Art Corner: Yejin Huh

Looking at the work of illustrator/designer Yejin Huh you cannot help but smile. The bright colours and childlike imagery evokes a sense of innocence and fun. The artist studied at the Art Institute of Atlanta (Magna cum Laude, 2011) and currently lives in Daegu Korea with her family. Although her work is childlike, she has worked for big companies in Korea. Her work can currently be seen in the SERI reports issued the Samsung Research Institute. Here at the London Korean Times we wanted to find out more about this exceptional illustrator.

Mimi: Why did you want to become an artist? What is your background?

YH: To be honest, I have always been interested in cartoons since I was a little kid and wanted to be a cartoonist. I was the kind of student who was always drawing something at the corner of every textbook. Though I was majoring in computer engineering for my parent’s wishes, I have never stopped drawing and continuously uploaded them on my website. One day I got an email from a company who wanted me to draw cover illustrations for their company magazines for two years – I still think it was a large piece of luck to me. I can never forget the magical feeling that I had when I first saw the printed version of my own illustration, and that’s the moment I decided to be an artist. 3 years later, I left my home to study graphic design and illustration in the US.

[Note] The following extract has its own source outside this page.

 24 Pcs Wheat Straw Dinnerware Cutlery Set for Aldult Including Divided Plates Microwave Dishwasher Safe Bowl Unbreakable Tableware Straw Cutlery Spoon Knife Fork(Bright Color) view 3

Mimi: How would you describe your style of illustration/design?

YH: While I was studying at the Art Institute of Atlanta, I thought that my style would grow naturally as time went by but it was not good enough for me. So, I tried to take an objective view of my works and realised that I was quite good at dealing with colours and line drawings, but no good at making depth and adding volume. I made a lot of effort to capture perfect figures, perfect perspective, and perfect chiaroscuro. Meanwhile, in my art history class, I saw some pieces of Japanese wood block printings and got the answer I’d searching for all this time. Those printings were just perfect with simple line drawings and some limited colours. Moreover, there was no Western illusion of depth at all. After that, I decided to develop my style to maximize my strengths, and it turned out that printing was the best option. Thanks to computer graphic technology, I can incredibly shorten time to make plates for prints and also can experiment with various styles and techniques.


Mimi: Do you see yourself as just an illustrator or an artist as well?

YH: Nowadays, It’s really hard to point out who is an artist and who is just an illustrator. As an artist, my philosophy and my opinions are the most important thing that matters. But during commissioned works, I try to see myself as an illustrator since the clients’ requests are above everything else. However, if clients are overstepping the boundaries too far or beyond my philosophy, I politely decline and refuse their proposal to keep my pride as an artist.

Mimi: Does your Korean heritage have an impact on your work?

YH: Yes, it definitely does. Because I do my illustrations through my experience, it’s inevitable being free from my background. Especially when I did the piece ‘It’s beautiful the way it is’, I was strongly influenced by Korean traditional Munjado and it was created for a packaging container for Kiehl’s cosmetics through their design competition. That served as an important momentum for me to look back on my Korean heritage.


Mimi: Looking at your work I get a sense of magic, it’s very bright and colourful and reminds me of children and certain innocence. Is this what you are aiming for?

YH: When I do my illustrations especially for children, I try to recall memories from my own childhood. Whenever my parents let me choose a book for a gift, I always picked one that was full of colourful illustrations. To be honest, I didn’t really care about the story at first. As an illustrator, I personally think that illustrations have to make a favourable impression in customers’ sight, and I suppose this impression is developed and judged from my childhood memories.

Mimi: What has been your favourite piece of work?

YH: Normally the project I am working on becomes my favourite, but if I have to choose one, I’ll say the ‘Merry Christmas, 2012’. This was made for Christmas cards to my friends who have supported me and my works for a long time. It is a very meaningful piece of work because it’s a devoted present straight from my heart.


Mimi: What project are you working on at the moment?

YH: I am working on a picture book for children, the steadfast tin soldier with Fröbel Korea.

Mimi: Have you showed your work anywhere abroad?

YH: I haven’t yet officially. When I was at school in the US, I had showed my works everyday to my professors to get feedback but never showed or sent them to publishing companies or agencies because I thought I was not ready yet. In retrospect, I was too afraid. But now, I think it is time to show them abroad. I really hope to work in the international market as soon as possible.


Mimi: What does art mean to you?

YH: It’s like air. I cannot breathe without it.

Mimi: Do you want people to take a message from your work?

YH: It depends on the way people enjoy my works. The only thing I can say is; “I always draw for happiness”.


Her work is light, bright and simply fantastic. This illustrator is definitely one to keep an eye on. More of her work can be seen on her website.